Data for this task >>

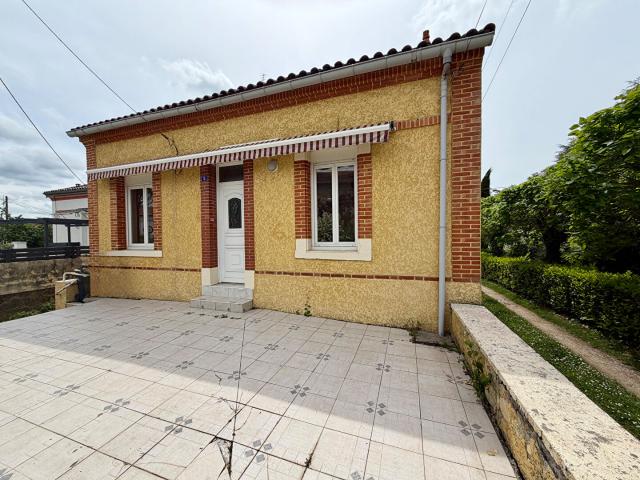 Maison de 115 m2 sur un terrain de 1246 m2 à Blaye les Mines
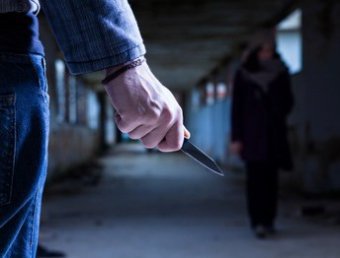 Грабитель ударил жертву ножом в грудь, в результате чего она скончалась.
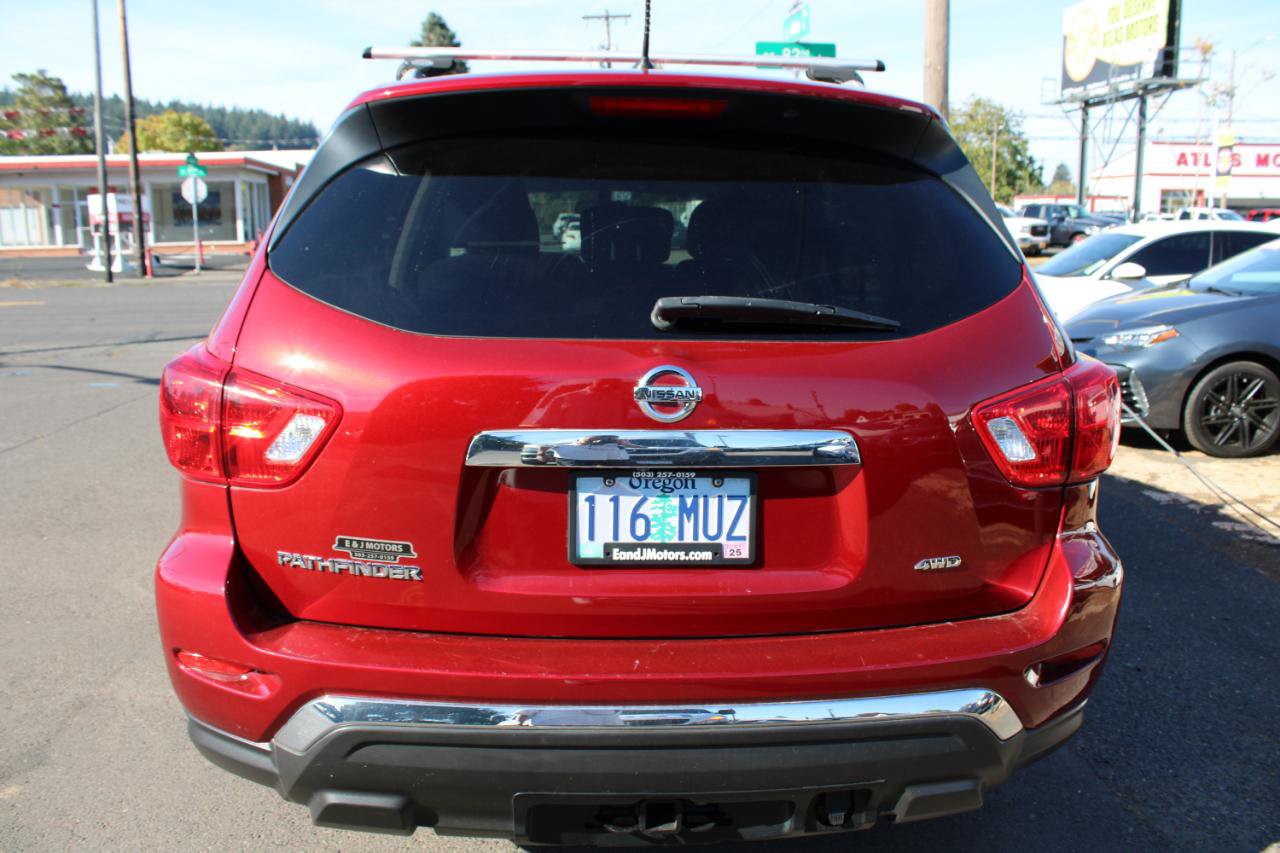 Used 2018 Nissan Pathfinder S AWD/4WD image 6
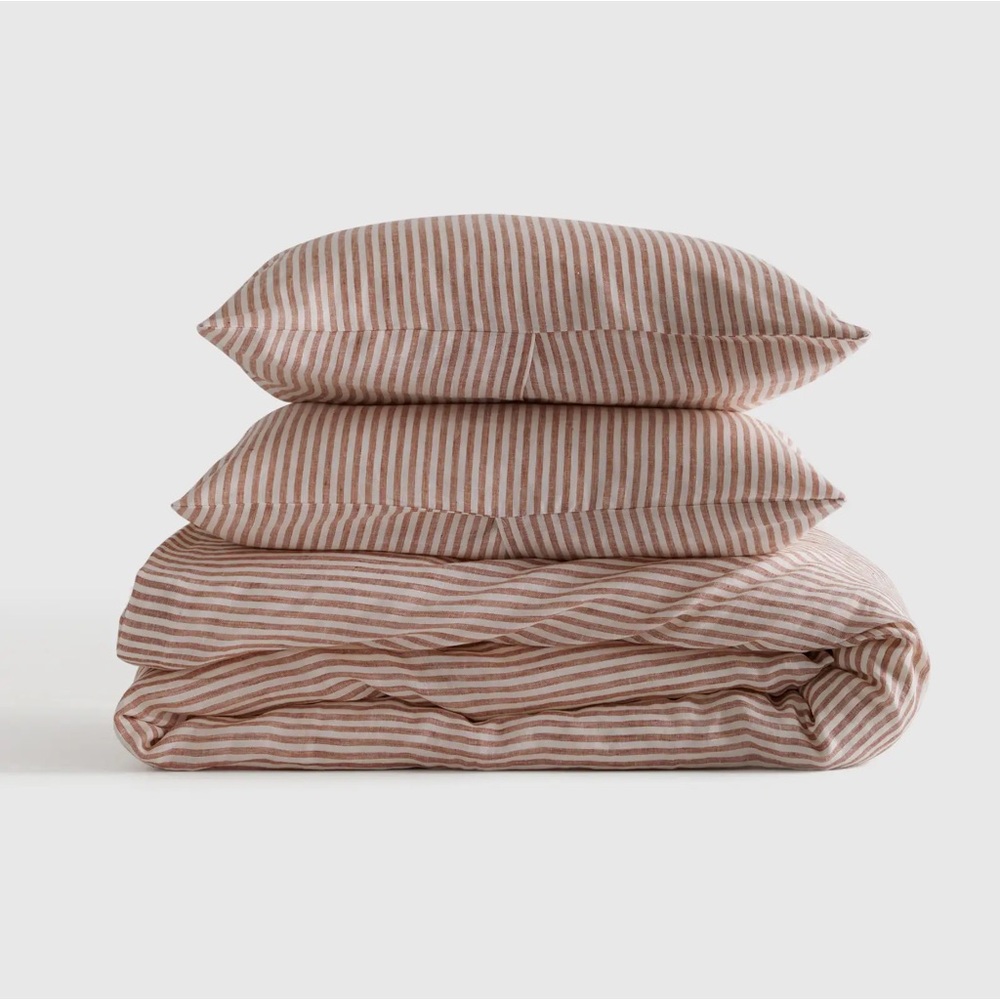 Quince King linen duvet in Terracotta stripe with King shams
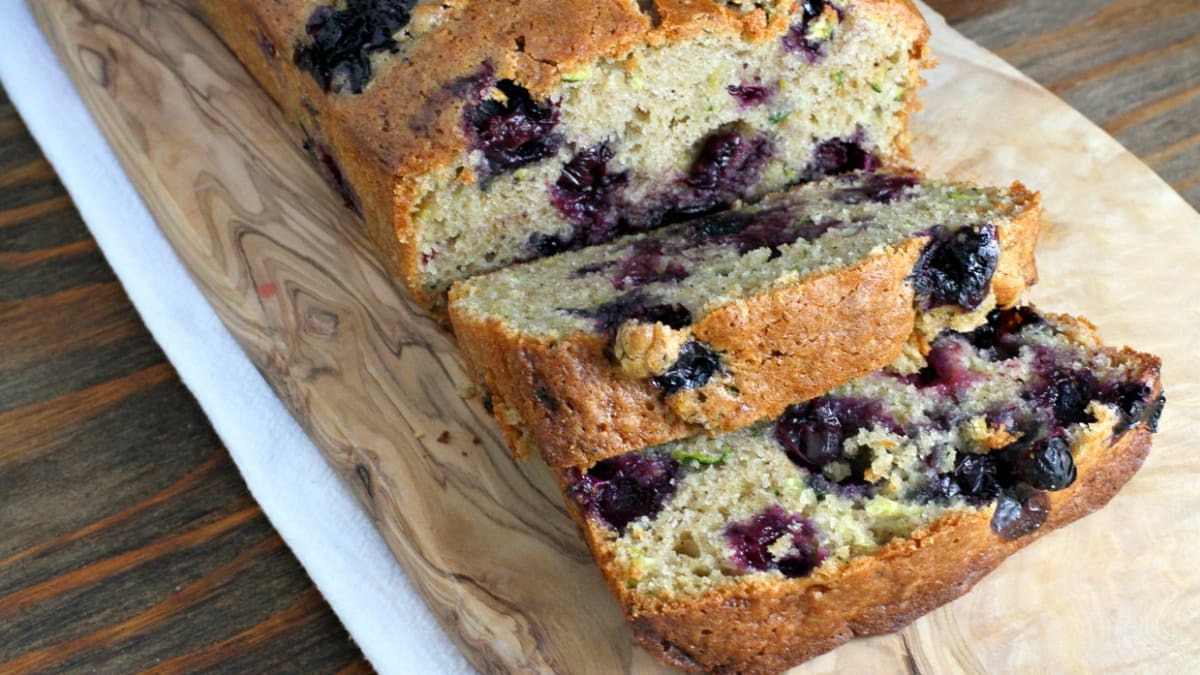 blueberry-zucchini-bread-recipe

Assignment >> Print the records above again exactly. Leave out the images.

Your response >>
 Maison de 115 m2 sur un terrain de 1246 m2 à Blaye les Mines
 Грабитель ударил жертву ножом в грудь, в результате чего она скончалась.
 Used 2018 Nissan Pathfinder S AWD/4WD image 6
 Quince King linen duvet in Terracotta stripe with King shams
 blueberry-zucchini-bread-recipe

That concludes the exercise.